6.11. Grinding

Grinding is a metal cutting process carried out with abrasive grains, which are bonded by special materials. Usually grinding tool has a shape of a disk; sometimes it has a shape of a cone, a bar and so on.

The abrasive cutting has peculiarities:

- grains have negative top rake angle  (Fig. 6.23);

- the cutting speed is very high (v>30 m/sec ); the rotary speed of wheels is limited by strength of wheel bond;

- the grinding wheel is similar in action to multi-tooth milling cutter; it presents about 300 million cutting edges to a workpiece in 1 minute; grains break off periodically to present new cutting edges; bond wears away faster than grains, it allows to expose new grain for cutting; grinding wheel produces a chip just like any other cutting tool, but it is dust-fine chip, being visible only under a microscope;

- these chips are given in the form of sparks because of their high temperature.

Corundum A1₂O₃, silica carbide SiC, boron carbide B₄C and diamond C are used as abrasive materials. According to their sizes the distinction is made between:

- grains, which have sizes from 2.00 to 0.16 mm;

- powders, which have sizes from 0.12 to 0.03 mm;

- micropowders, which have sizes from 0.04 to 0.005 mm.

Fig. 6.23. Cutting by grinding tool: 1 – abrasive grain; 2 – bond (matrix); 3 – pore; 4 – blank

Fireclay, water glass, quartzite (non-organic substances) and bakelite, rubber, phenol-formaldehyde resins (organic substances) and other substances are used as a bond.

A distinguishing feature of grinding machines is a rotative abrasive tool. This group of machines is employed chiefly in finish machining operations accomplished by removing layers of metal from the work surface with an accuracy that may reach tenths of a micron and producing a very high class of surface finish.

Grinding machines handle workpieces that have been previously machined, in the most cases, in other types of machine tools, leaving a small grinding allowance of magnitude depending upon the required class of accuracy, size of the work and the proceeding machining operations to which it has been subjected.

Operations efficiently performed by grinding machine include:

- roughing and cutting off blanks;

- precise machining of flat surfaces, surfaces of revolution, profiles of gear teeth, thread and other helical surfaces, contoured surfaces, etc.;

- sharpening of all types of cutting tools.

Cylindrical grinding machines (Fig. 6.24 a, b, c) are intended for grinding external cylindrical and tapered surfaces. The primary cutting motion is a grinding wheel rotation V_d. The auxiliary cutting motion is a workpiece rotation V_d. The longitudinal feed motion S_L is a work motion and infeed traverse motion S_t is the periodic crosswise tool motion D is diameter of a workpiece, t is thickness of removed metal.

Internal grinding machines are intended for grinding cylindrical (Fig.6.24d) and tapered holes.
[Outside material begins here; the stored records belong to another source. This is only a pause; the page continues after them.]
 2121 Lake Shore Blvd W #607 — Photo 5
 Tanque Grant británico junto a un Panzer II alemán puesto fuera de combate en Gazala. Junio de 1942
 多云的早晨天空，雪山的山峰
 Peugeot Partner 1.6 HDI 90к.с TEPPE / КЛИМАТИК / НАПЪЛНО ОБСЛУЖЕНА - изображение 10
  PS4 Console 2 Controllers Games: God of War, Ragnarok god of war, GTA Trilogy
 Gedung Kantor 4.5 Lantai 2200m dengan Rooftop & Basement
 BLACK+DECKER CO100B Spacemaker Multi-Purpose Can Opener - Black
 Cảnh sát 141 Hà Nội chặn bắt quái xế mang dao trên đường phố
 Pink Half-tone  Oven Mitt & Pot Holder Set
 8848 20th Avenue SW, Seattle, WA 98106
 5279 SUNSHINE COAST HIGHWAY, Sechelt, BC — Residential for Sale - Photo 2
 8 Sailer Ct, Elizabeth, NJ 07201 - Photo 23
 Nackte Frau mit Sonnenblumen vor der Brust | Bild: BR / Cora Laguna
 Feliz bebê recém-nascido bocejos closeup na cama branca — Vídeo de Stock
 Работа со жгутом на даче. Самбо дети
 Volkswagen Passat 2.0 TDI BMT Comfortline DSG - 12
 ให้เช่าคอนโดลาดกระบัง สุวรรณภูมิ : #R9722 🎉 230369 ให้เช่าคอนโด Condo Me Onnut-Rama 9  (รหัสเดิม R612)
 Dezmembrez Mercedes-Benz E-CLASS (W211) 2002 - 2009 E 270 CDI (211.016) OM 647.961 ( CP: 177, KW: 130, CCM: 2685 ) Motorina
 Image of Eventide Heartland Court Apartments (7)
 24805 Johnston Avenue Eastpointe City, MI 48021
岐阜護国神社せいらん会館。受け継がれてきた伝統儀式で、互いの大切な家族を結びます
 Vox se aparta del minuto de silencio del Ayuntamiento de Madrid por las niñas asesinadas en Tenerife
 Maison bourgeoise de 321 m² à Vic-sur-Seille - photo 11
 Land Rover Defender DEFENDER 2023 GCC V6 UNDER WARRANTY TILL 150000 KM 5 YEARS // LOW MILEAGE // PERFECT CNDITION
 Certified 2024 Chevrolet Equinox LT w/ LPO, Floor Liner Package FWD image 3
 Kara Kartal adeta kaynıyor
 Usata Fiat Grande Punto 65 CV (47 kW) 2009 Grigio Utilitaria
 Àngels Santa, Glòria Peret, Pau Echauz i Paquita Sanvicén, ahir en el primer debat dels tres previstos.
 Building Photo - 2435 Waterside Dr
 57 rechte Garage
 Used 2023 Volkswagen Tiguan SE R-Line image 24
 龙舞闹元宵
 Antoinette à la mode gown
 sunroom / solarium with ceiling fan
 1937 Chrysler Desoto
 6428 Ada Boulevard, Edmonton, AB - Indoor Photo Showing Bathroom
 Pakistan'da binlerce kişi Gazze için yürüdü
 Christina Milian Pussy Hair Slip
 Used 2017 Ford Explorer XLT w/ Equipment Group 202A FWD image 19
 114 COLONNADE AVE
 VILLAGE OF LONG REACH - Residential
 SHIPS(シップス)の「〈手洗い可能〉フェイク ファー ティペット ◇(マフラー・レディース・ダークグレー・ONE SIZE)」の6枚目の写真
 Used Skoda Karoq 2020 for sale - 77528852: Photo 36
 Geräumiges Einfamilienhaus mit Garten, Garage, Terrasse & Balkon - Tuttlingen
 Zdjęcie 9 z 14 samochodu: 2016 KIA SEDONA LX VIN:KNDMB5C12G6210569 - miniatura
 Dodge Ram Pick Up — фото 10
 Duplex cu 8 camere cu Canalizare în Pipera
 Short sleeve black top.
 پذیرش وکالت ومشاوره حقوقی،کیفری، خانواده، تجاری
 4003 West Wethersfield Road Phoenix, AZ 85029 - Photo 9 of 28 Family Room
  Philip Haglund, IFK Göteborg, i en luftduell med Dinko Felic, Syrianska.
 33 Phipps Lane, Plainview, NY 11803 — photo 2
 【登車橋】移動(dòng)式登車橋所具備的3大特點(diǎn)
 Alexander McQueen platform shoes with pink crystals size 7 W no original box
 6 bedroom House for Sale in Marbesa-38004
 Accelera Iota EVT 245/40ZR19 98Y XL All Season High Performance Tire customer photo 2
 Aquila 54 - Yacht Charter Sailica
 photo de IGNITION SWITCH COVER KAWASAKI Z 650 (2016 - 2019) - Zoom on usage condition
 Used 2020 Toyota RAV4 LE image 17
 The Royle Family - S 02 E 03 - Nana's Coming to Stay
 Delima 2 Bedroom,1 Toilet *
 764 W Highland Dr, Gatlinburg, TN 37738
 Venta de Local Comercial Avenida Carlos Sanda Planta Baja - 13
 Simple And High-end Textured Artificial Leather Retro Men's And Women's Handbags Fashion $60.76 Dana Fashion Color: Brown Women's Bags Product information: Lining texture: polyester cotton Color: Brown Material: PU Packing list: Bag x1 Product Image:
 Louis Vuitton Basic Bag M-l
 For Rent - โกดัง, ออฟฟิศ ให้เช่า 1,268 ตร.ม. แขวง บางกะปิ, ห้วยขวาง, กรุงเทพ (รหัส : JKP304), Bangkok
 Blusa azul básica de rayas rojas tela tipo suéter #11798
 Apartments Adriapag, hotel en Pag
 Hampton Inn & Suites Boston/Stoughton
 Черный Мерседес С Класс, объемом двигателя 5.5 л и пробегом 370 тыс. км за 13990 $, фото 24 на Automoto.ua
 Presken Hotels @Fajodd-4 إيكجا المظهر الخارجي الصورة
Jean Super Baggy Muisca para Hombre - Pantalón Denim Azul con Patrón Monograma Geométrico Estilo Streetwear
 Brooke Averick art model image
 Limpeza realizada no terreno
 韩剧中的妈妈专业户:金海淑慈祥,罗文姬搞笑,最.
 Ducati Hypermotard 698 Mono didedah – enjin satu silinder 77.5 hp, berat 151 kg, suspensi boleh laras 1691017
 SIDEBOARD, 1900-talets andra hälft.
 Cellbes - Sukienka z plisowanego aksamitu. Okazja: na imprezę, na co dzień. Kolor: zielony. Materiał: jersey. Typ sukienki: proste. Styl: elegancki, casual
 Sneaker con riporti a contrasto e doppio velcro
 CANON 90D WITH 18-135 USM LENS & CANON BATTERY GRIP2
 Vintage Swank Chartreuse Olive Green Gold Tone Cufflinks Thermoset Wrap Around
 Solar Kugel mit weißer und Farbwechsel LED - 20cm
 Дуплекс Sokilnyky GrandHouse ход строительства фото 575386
The end faces of the workpiece are usually ground in these machines as well.

In addition to the primary cutting motion of the grinding wheel rotation V_w internal grinders of the chucking type have the following working motions:

- work revolution V_p;

- longitudinal motion (the reciprocating motion of the work or grinding wheel) S_L;

- set-up - infeed motion ( the periodic crosswise motion of the wheel (wheel head) S_t.

In the planetary-type internal grinders (Fig. 6.24e), designed for finishing holes in workpieces of irregular shape, or large heavy workpieces, work rotation is replaced by rotation of the axis of grinding wheel in a circle about the axis of the hole being ground V_w.p.. The longitudinal motion S_L is obtained by reciprocation of either the grinding wheel or work table, on which the work is clamped.

Fig. 6.24. Basic grinding operations: a, b, c, i – grinding of external cylindrical and tapered surfaces;

d, e – grinding of internal surfaces; f, g, h, j – grinding of flat surfaces; 1, 2 – abrasive disks;

3 – support (blade)

Today the most widely used types of surface grinders at the present time are the following: horizontal-spindle reciprocating-table grinders (Fig. 6.24f); vertical-spindle reciprocating-table grinders (Fig. 6.24g); horizontal-spindle rotary-table grinders (Fig. 6.24h); vertical-spindle rotary-table grinders (Fig. 6.24j).

In respect to the kind of surface they can grind, centreless grinders are classified as external (Fig. 6.24i) and internal centreless grinders. Workpiece is supported in the external centreless grinder on work-rest blade 3 and between grinding wheel 1 and regulating wheel 2. The grinding wheel rotates at a peripheral speed of 30 to 40 m per second and removes the grinding allowance from the work-piece. The regulating wheel rotates at a peripheral speed of 10 to 50 m per minute. It imparts both rotation and axial motion to the workpiece.

In the internal centreless grinder a work-piece is rotated between support roll, pressure roll and regulating roll, and is grounded by grinding wheel.